Três meses depois do primeiro caso de COVID-19 reportado no Nordeste, já são 240.553 pessoas infectadas, na segunda região mais afetada do país. Os dados são do Conselho Nacional de Secretários de Saúde. No período, já foram disseminados toda sorte de boatos sobre o fim da pandemia, curas milagrosas e formas de prevenção inverídicas. Uma tendência potencializada pela grande quantidade de informações produzidas sobre o novo coronavírus em todo mundo.
A Rede Internacional de Fact-checking (IFCN) une esforços com 88 organizações de checagem em mais de 70 países no mundo. O material gerado já ultrapassa a marca de 6.600 checagens. No Brasil, a Associação Brasileira de Jornalismo Investigativo (Abraji) conduz uma aliança entre diversos veículos de comunicação para combater as “notícias falsas” a nível nacional por meio do Projeto Comprova, do qual o JC faz parte.

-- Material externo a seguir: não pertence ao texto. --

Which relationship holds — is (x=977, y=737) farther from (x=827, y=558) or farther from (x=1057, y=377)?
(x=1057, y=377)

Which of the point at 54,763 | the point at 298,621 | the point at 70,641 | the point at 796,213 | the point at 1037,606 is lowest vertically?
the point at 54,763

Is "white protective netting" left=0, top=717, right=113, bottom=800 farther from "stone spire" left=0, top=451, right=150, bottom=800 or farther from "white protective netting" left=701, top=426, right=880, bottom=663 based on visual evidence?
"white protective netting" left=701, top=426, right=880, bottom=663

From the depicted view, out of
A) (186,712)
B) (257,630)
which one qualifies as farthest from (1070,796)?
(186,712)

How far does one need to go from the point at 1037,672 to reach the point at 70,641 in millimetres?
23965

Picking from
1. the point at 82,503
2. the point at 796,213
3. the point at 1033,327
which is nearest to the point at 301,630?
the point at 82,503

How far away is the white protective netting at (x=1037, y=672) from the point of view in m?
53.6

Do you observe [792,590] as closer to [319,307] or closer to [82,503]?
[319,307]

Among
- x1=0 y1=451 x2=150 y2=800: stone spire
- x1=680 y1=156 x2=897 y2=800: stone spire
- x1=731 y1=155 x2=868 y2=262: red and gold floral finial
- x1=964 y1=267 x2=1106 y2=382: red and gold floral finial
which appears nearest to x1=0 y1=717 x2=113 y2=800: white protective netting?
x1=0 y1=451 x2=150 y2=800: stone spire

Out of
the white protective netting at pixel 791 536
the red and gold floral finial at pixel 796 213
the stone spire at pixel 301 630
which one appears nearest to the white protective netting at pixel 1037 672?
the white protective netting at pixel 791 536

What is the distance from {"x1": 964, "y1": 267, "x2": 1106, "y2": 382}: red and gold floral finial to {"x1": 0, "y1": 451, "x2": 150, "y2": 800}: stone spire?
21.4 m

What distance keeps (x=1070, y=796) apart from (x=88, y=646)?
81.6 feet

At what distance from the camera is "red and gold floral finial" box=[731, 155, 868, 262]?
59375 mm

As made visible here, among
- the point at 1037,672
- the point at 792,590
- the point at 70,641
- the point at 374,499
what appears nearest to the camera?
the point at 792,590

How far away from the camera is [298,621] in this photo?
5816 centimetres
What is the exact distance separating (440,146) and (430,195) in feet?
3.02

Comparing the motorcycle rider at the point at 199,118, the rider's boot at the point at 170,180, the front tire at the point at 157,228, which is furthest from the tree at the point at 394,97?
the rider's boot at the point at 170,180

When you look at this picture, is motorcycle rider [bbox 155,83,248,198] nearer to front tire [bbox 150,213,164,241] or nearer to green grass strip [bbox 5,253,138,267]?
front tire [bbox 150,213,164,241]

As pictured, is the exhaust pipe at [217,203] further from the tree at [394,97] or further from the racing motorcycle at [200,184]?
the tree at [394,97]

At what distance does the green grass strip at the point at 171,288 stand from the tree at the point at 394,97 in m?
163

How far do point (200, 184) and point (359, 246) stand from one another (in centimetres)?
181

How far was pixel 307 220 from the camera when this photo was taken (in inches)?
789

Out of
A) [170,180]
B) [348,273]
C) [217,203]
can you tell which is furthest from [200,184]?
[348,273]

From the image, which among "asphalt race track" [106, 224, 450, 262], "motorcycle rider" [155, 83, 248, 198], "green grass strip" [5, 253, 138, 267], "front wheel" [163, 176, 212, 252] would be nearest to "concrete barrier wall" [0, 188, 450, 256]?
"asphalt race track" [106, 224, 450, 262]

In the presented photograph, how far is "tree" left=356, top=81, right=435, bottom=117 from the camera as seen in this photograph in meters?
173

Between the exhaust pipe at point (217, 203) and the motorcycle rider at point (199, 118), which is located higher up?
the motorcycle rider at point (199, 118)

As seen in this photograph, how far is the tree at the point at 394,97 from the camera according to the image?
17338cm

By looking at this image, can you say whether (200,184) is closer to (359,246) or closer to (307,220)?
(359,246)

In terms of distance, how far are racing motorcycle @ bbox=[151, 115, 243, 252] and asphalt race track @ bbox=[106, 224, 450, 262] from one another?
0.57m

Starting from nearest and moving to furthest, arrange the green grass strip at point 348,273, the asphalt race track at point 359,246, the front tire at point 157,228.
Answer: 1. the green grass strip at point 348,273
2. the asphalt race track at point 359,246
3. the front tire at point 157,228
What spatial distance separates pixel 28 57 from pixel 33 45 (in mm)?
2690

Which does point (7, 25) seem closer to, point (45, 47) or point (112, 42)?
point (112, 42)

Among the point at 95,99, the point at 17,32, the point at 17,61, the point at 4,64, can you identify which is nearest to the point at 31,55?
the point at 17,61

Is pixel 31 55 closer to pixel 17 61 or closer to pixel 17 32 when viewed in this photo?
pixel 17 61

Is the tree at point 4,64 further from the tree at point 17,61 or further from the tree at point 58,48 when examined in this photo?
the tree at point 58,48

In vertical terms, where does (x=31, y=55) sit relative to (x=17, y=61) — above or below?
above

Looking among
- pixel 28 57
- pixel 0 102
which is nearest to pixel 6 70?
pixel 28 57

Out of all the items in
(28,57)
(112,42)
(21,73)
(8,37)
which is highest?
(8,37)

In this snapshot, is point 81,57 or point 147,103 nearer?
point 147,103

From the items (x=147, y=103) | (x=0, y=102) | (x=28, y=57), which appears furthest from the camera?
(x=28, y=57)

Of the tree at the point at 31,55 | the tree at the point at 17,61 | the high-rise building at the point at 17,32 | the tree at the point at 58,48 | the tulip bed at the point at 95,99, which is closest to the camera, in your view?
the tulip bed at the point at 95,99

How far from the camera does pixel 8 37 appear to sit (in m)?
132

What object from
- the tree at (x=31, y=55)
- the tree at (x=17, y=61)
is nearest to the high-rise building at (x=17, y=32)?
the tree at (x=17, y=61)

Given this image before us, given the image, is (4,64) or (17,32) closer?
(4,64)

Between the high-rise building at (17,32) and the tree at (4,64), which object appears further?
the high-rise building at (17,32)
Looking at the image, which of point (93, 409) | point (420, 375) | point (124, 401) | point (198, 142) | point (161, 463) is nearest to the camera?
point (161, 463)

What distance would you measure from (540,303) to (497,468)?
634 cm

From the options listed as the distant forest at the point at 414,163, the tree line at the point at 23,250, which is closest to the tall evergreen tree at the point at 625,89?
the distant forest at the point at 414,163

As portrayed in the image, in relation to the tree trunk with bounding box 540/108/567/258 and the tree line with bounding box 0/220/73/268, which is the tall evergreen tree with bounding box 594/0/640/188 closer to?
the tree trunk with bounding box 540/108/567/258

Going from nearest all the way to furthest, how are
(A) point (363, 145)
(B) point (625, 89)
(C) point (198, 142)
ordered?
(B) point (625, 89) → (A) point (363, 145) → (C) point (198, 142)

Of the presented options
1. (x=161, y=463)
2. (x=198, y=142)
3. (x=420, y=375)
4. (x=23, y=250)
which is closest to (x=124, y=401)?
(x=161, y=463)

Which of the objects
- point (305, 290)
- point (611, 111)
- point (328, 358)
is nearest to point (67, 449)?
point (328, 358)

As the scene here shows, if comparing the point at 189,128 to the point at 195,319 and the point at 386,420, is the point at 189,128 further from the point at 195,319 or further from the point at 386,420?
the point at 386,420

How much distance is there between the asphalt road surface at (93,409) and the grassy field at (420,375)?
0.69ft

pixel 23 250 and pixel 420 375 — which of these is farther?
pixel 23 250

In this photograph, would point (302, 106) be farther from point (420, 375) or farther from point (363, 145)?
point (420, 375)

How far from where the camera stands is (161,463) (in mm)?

No Recife, em Salvador e no estado da Paraíba, iniciativas independentes se uniram à batalha contra a desinformação e utilizam a criatividade para alcançar desde os mais jovens aos idosos, por meio das mídias mais populares. Conheça os projetos a seguir.
Desafio Covid: ganhe pontos por acertar questões sobre o coronavírus
Pensando em entregar informações oficiais sobre o novo coronavírus de forma descontraída, os estudantes Maurício Lima e Davi Pradines desenvolveram o Desafio Covid. O jogo web possui três tipos de quizzes sobre os temas mais quentes da pandemia. Os melhores jogadores aparecem em um ranking. Segundo Davi, designer, existiu uma preocupação em democratizar o jogo ao desenvolver o UX, parte do design responsável pela experiência do usuário.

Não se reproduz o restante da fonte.